La memoria corta fa evidentemente brutti scherzi. Chi non si ricorda dei circa 7 miliardi di euro bruciati dall’Alitalia pubblica? Chi non si ricorda di 6,3 miliardi di euro in 7 anni pagati dai contribuenti per mantenere viva Atac? Le aziende pubbliche sono uno dei mali dell’Italia, ma sembrano dimenticarselo, purtroppo, troppi partiti politici, sottosegretari alle Telecomunicazioni o movimenti pentastellati.
Recentessimo è il caso della scalata “ostile” da parte di Vivendi nei confronti di Mediaset. La logica di mercato è chiara: andare verso un grande gruppo di tlc e media anche in Italia. In questa ottica è logico che anche la stessa Telecom Italia possa giocare un ruolo essenziale. Se andiamo infatti a vedere quello che il mercato digitale ci sta indicando, non è che si evidenzi una particolare necessità di avere grandi nazionalizzazioni o separazioni tra il settore tlc e quello media. Anzi, la direzione è esattamente opposta. Come insegna il caso di AT&T, che con 85 miliardi di dollari, sta conquistando Time Warner, è necessario andare verso l’integrazione tra attori tlc e media.
Non può essere differente nel momento in cui il mercato è sempre più concorrenziale sia in termini verticale che orizzontale o geografico. Verticale, nel senso che la concorrenza dei grandi operatori internet è sempre più forte e difficile, ed è per tale ragione che la battaglia si sta facendo sui contenuti. Google, il primo competitor di questo mercato digitale, possiede Youtube, ma anche Amazon sta creando il suo servizio con contenuti inediti. Quindi la convergenza non solo è “naturale”, ma è anche necessaria.
C’è da chiedersi a questo punto cosa rimane del famoso “interesse nazionale” e soprattutto perché esiste a corrente alternata. Su questo è interessante la posizione del Movimento 5 Stelle, per il quale Telecom è strategica, Mediaset no, mentre Atac lo è nei fatti. In realtà, l’interesse nazionale dovrebbe essere quello di avere concorrenza e di non avere spreco di denaro pubblico (come succede, ad esempio, in Atac).
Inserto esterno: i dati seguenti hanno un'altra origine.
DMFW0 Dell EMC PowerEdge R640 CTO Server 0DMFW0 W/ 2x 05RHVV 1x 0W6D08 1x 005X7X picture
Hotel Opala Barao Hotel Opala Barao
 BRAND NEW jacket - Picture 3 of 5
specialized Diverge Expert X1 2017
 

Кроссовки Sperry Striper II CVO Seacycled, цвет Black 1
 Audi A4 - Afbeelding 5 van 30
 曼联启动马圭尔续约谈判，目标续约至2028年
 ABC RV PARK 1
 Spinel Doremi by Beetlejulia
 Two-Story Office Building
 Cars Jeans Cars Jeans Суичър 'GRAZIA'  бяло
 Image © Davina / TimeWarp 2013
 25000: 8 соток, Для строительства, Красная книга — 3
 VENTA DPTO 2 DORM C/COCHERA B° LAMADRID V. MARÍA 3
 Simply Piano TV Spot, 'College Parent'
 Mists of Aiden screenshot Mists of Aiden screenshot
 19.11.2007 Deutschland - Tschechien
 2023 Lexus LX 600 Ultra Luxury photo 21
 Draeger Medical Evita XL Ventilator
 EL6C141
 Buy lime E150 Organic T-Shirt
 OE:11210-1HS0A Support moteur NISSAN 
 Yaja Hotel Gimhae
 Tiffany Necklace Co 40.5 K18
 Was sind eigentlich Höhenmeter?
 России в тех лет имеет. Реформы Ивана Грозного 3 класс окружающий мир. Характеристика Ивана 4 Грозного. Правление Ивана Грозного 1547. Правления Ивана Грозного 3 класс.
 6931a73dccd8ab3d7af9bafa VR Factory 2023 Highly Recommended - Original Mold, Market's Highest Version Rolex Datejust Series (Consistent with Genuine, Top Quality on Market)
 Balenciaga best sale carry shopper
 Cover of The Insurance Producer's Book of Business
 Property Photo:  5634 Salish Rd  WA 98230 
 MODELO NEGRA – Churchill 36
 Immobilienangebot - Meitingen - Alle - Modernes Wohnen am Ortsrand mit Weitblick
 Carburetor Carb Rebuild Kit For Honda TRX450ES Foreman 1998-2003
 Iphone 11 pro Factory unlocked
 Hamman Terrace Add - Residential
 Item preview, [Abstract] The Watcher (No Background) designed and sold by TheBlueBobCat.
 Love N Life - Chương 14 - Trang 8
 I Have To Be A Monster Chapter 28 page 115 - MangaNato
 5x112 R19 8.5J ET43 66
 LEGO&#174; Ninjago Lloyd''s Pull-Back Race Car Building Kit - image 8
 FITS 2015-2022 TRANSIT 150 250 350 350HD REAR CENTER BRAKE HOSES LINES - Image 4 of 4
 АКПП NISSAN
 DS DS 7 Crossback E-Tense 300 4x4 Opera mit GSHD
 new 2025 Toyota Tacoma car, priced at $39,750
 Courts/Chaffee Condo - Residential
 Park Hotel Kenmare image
Una concorrenza che permetta una diminuzione di prezzi e una maggiore scelta per il contribuente e che al tempo stesso lo Stato non intervenga come imprenditore (tipico spreco di denaro pubblico).
La domanda legittima da porsi è dunque se la concentrazione nel settore dei media e tlc porti a una situazione nella quale vi sia un danno per il consumatore. Non è così immediato rispondere, ma bisogna capire che i nuovi confini di questo mercato digitale sono molto più ampli. Se la concorrenza arriva da Google o da Amazon, è bene che il regolatore comprenda che il mercato è molto più vasto. Non c’è solo la concorrenza tra Netflix e Time Warner, ma anche quella tra Google e gli operatori tlc. Un mercato immenso.
Al tempo stesso, l’ottica è ormai globale, non europea e neppure nazionale. Il mercato unico digitale ha anche confini geografici molto estesi e sarebbe bene capire che i veri competitor in questa partita globale sono i player cinesi che hanno numeri e potenzialità di crescita che in Europa e Stati Uniti non abbiamo. Tutto questo succede mentre in Italia il politico o il comico di turno continua a perpetrare il male italiano: l’interventismo pubblico alla Alitalia.